Vetter D, Gut J P, Doffoël M, Reville M, Bockel R, Kirn A
Service d'Hépatogastroentérologie, Clinique Médicale B, Hôpital Central.
Gastroenterol Clin Biol. 1989 Jan;13(1):60-5.
The T lymphocyte suppressor cell activity has been evaluated in 33 alcoholic patients compared with 16 normal controls, using an in vitro test. Suppressor T cells were activated with concanavalin A, and suppressor effect was quantified by the inhibition of an autologous B cell culture response to Pokeweed Mitogen. When compared with controls, cirrhotic patients showed a significant defect of suppressor cell activity on B cell production of IgG (20 +/- 3 vs 46 +/- 5 p. 100, p less than 0.001) and IgM (26 +/- 4 vs 56 +/- 8 p. 100, p less than 0.05). In cirrhotic patients, defect of T cell suppressor function was independent of sex and severity of the cirrhosis (Child's staging). This defect was more marked in cirrhotics with serological markers of hepatitis B virus (HBV) infection (n = 11) than in cirrhotics without markers (n = 22) (9 +/- 5 vs 25 +/- 3 p. 100, p less than 0.05; 16 +/- 6 vs 30 +/- 5 p. 100, p less than 0.05 respectively for IgG and IgM production suppression). These results suggest that HBV and lymphocytes interact directly. This interaction could increase the T suppressor cell defect, and explain the promoting role of HBV infection in the constitution of the cirrhosis in alcoholics even when viral replication is not serologically apparent.

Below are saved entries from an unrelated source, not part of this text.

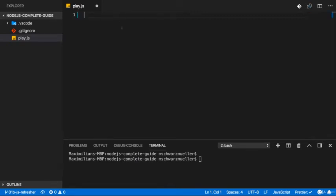Now, I cleared the play.js file again because to conclude this quick refresher module, I'll dive into another core concept, and that is how to work with asynchronous code. And for that we first of all have to understand what asynchronous code is.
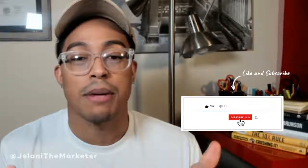What's going on YouTube, Jelani from JelaniTheMarketer.com here, back again with another video. In this video guys, I'm going to show you how you can use Quora for affiliate marketing. But before we get into that, definitely subscribe.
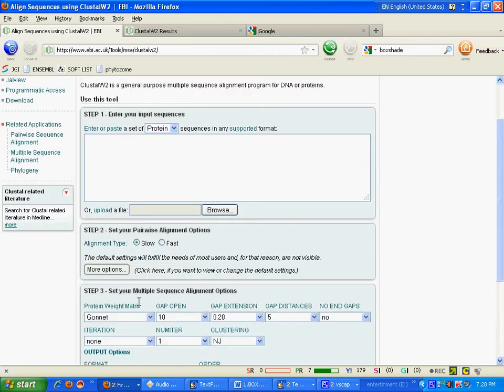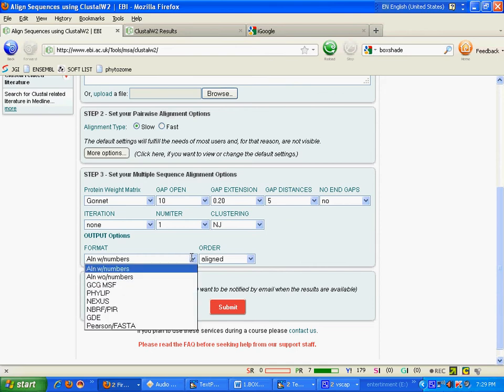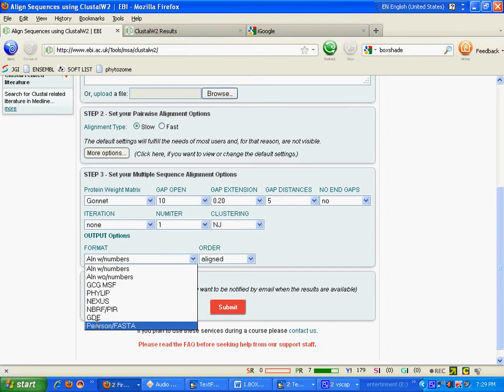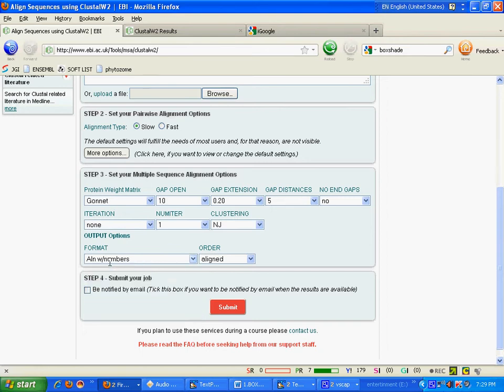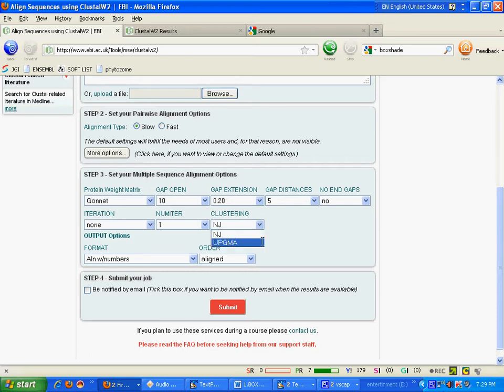You can choose some more options like what would be the format of your multiple sequence alignment. Here I will choose the ClustalW format. Here is the order you want your multiple sequence alignment in aligned format or input format. What would be your tree type.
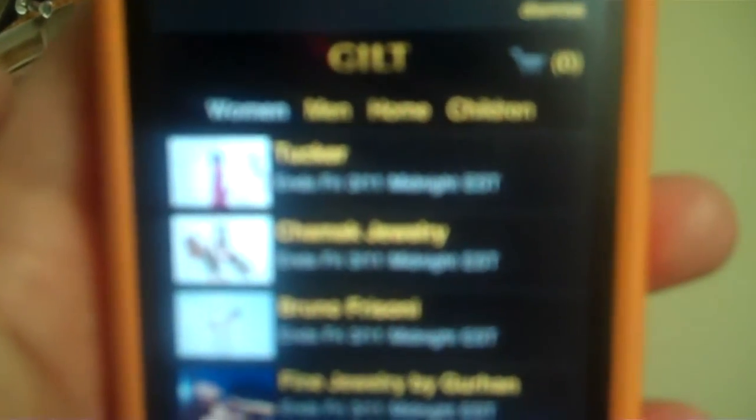Say if you click on women, it'll take you right there. You can see all of the different sales and it's just really easy to use. There's an eCommerce option also so that shoppers can buy on the go.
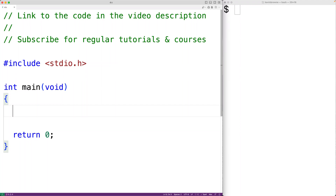In this video, we're going to learn about why null terminated strings are considered unsafe. So in C, strings are null terminated. What that means is that strings are a sequence of characters where the last character is a special null terminator.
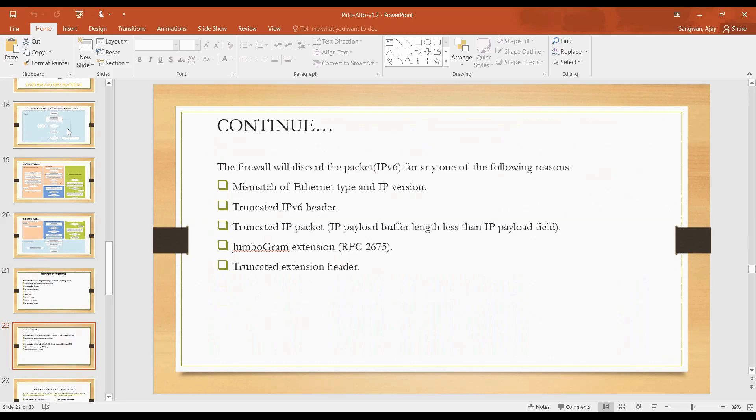Then we have jumbogram extension. I think jumbo we are very much familiar. Then we have truncated extension header. We have jumbo frame technology or jumbo frame feature in our devices in which we allow or discard jumbo frames. Jumbo frames means the size of the packet or of that Ethernet frame is not equal to your specified size, it is always greater than that. In that case your interface has to store some of the information in the buffer. So that frame size is known as jumbo.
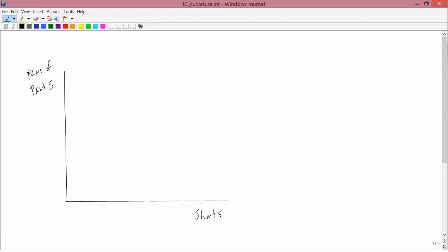In this graph, I've got shirts on one axis and pairs of pants on the other, and we're going to assume that more shirts always makes the consumer better off, and more pants always makes the consumer better off. There are no limitations on closet space. You can always use another shirt or another pair of pants.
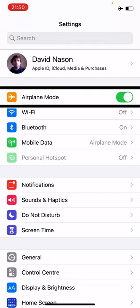I've seen this working obviously in this settings app, in the likes of Photos as well by Apple. Your mileage may vary in third party apps depending on whether it's been implemented and so on. But it is a useful little feature.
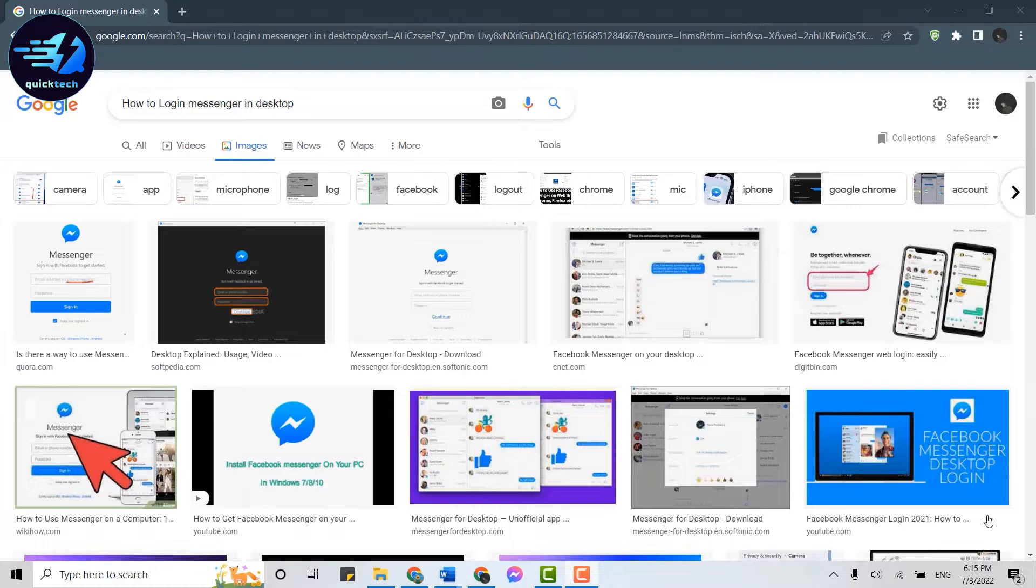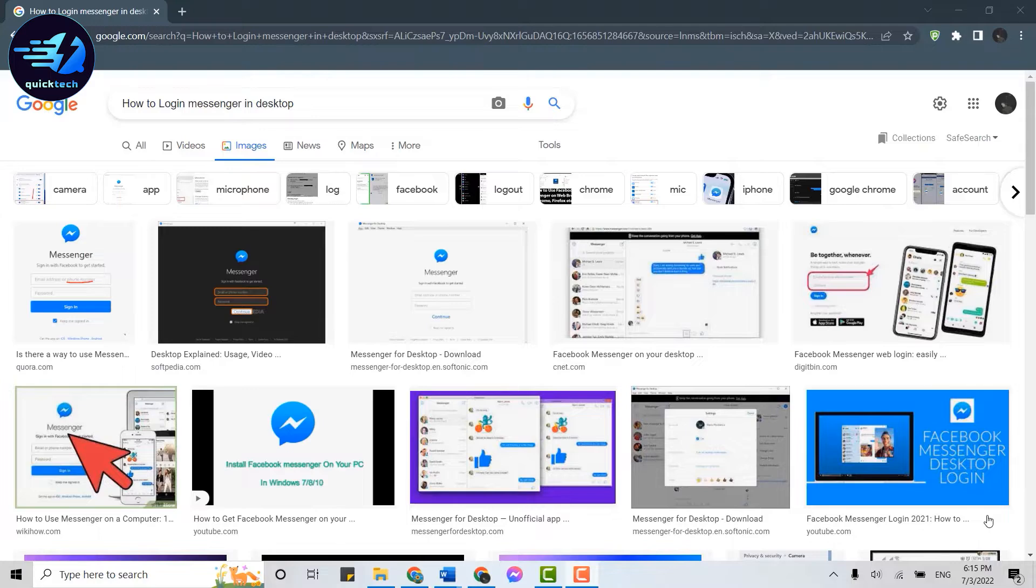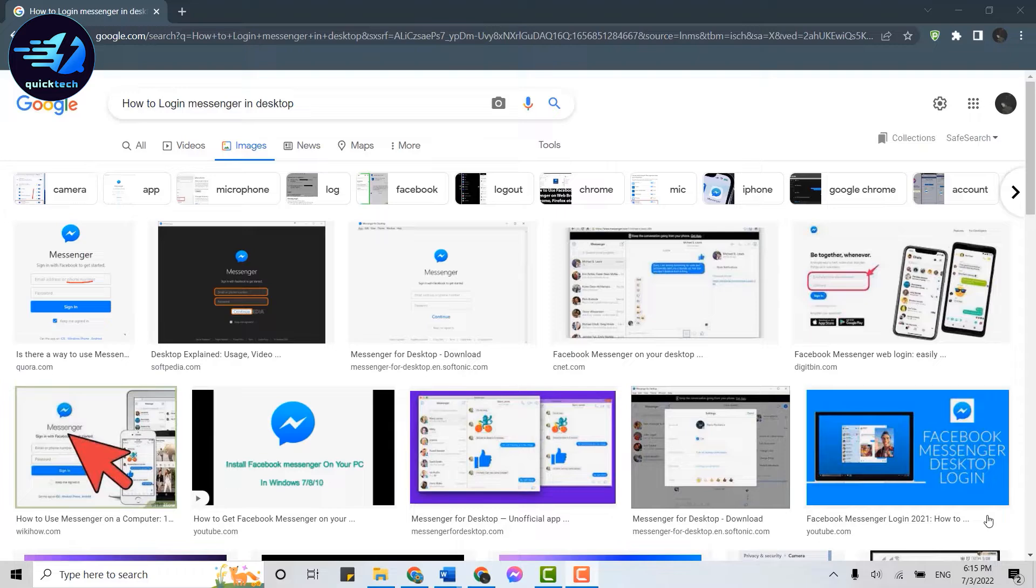Hello everyone, welcome back to Quick Tech Tutorial. Today for this video, I will be showing you how you can log in to the Messenger app on your desktop. So for that, first of all, what you need to do is tap open the Messenger application that you have downloaded on your desktop or laptop.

采用体外试验,对33例酒精性患者与16例正常对照者的T淋巴细胞抑制细胞活性进行了评估。用刀豆球蛋白A激活抑制性T细胞,通过抑制自体B细胞对商陆有丝分裂原的培养反应来定量抑制作用。与对照组相比,肝硬化患者在B细胞产生IgG(20±3对46±5/100,p<0.001)和IgM(26±4对56±8/100,p<0.05)方面显示出抑制细胞活性的显著缺陷。在肝硬化患者中,T细胞抑制功能缺陷与性别和肝硬化严重程度(Child分期)无关。在有乙型肝炎病毒(HBV)感染血清学标志物的肝硬化患者(n = 11)中,这种缺陷比无标志物的肝硬化患者(n = 22)更明显(IgG和IgM产生抑制分别为9±5对25±3/100,p<0.05;16±6对30±5/100,p<0.05)。这些结果表明HBV与淋巴细胞直接相互作用。这种相互作用可能会增加T抑制细胞缺陷,并解释即使在血清学上病毒复制不明显时,HBV感染在酒精性肝硬化形成中的促进作用。